*Exercise description*.
Each line below must be reproduced exactly as it stands. Pictures stay out of the copy.

*Data*.
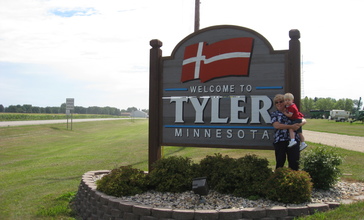 Welcome_sign_to_Tyler__Minnesota.jpg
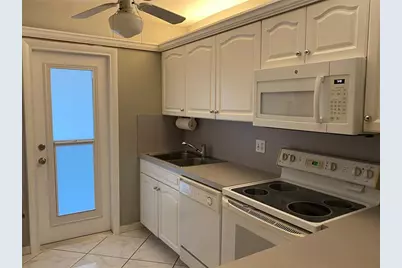 1100  Pine Dr, Unit #108, Pompano Beach, FL 33060 - Photo 6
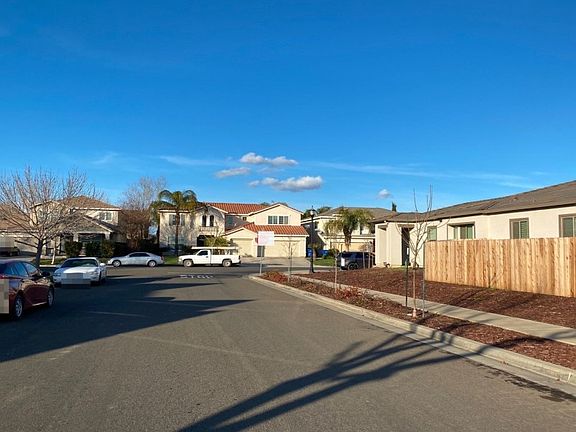 5th image of 92 Marguerite Ln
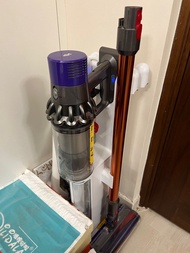 Dyson V10 absolute 無線吸塵機 連原裝收納架 vacuum with stand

*Result of this exercise*.
 Welcome_sign_to_Tyler__Minnesota.jpg
 1100  Pine Dr, Unit #108, Pompano Beach, FL 33060 - Photo 6
 5th image of 92 Marguerite Ln
 Dyson V10 absolute 無線吸塵機 連原裝收納架 vacuum with stand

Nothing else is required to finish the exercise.